Obama To Announce Withdrawl Of Troops Aiding With Ebola Crisis

President Obama will announce the U.S. military is significantly scaling back operations in West Africa.

President Obama plans to announce Wednesday that the military effort in West Africa to fight Ebola has been successful and most American troops will be withdrawn from the area.

Most of the 1,300 American forces still helping to fight the deadly disease are based in Liberia and Senegal, where officials said Ebola has largely been contained, the Wall Street Journal reported.

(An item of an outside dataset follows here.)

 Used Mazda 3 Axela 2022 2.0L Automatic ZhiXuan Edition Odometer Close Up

The troops will leave the region by April 30, Pentagon Press Secretary Rear Admiral John Kirby said in a statement.

Obama announced in September he would send 3,000 military personnel to West Africa to help contain the spread of Ebola in the region.

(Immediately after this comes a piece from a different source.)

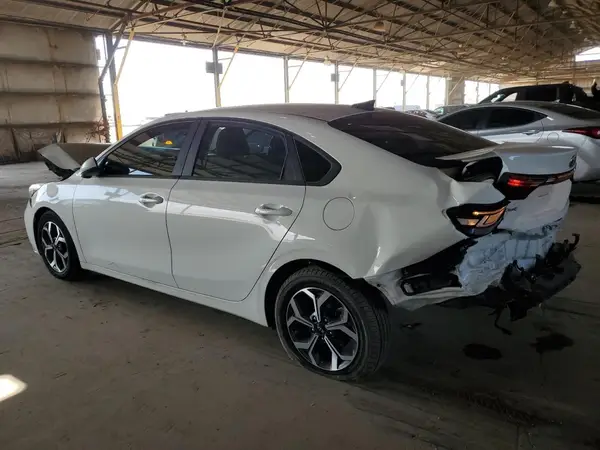 3KPF24AD7LE214217 2020 KIA FORTE - Image 2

Also as part of the military effort in West Africa, the U.S. built 10 Ebola treatment facilitates and helped with the construction of four others.

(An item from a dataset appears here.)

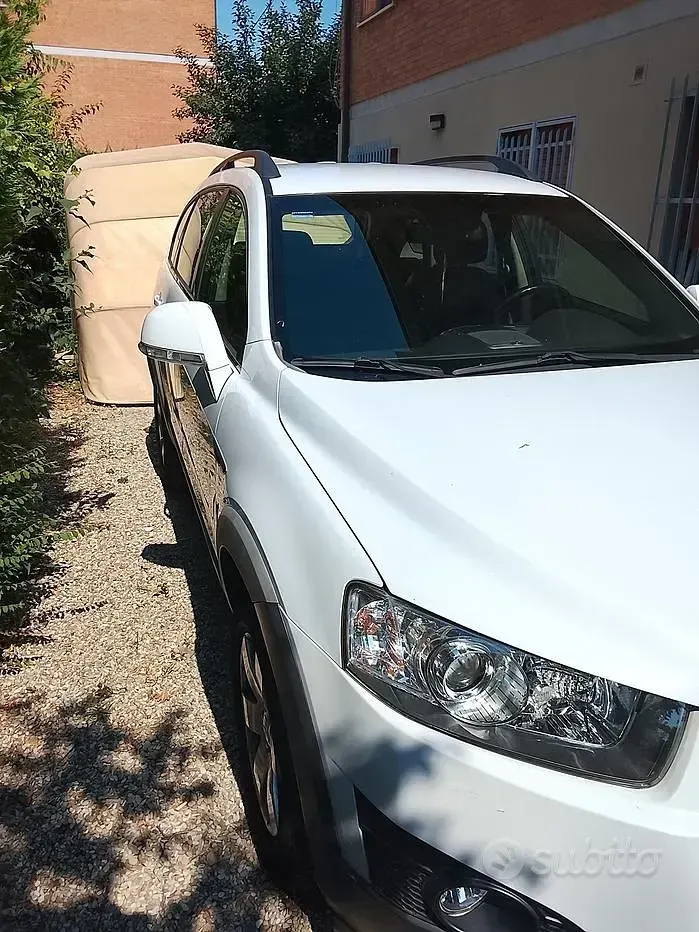 Usata Chevrolet Captiva 163 CV (119 kW) 2012 Bianco SUV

Officials said more than 10,000 local nurses, civilian doctors, and humanitarian workers had been trained and were set to work in the area, also reducing the need for American aid. Labs used to help test Ebola samples will now be turned over to aid groups or government contractors.

Plans to build even more were scaled back after officials started to believe the epidemic was beginning to subside. Overall, the U.S. has spent about $400 million on the effort in West Africa.

More than 9,000 people have died from the outbreak, according to the World Health Organization.

The group said on Tuesday that although overall the number of cases has been decreasing, there was a recent rise in West Africa. And there is concern that without vigilance in containing the disease, it will continue to spread.

"Good progress is being made, but the outbreak still represents a grave threat," David Nabarro, the United Nations special envoy on Ebola, told reporters Tuesday in Geneva. "And we really hope that there will be no complacency in anybody involved in the response. We have to really work hard to get zero cases, zero transmissions."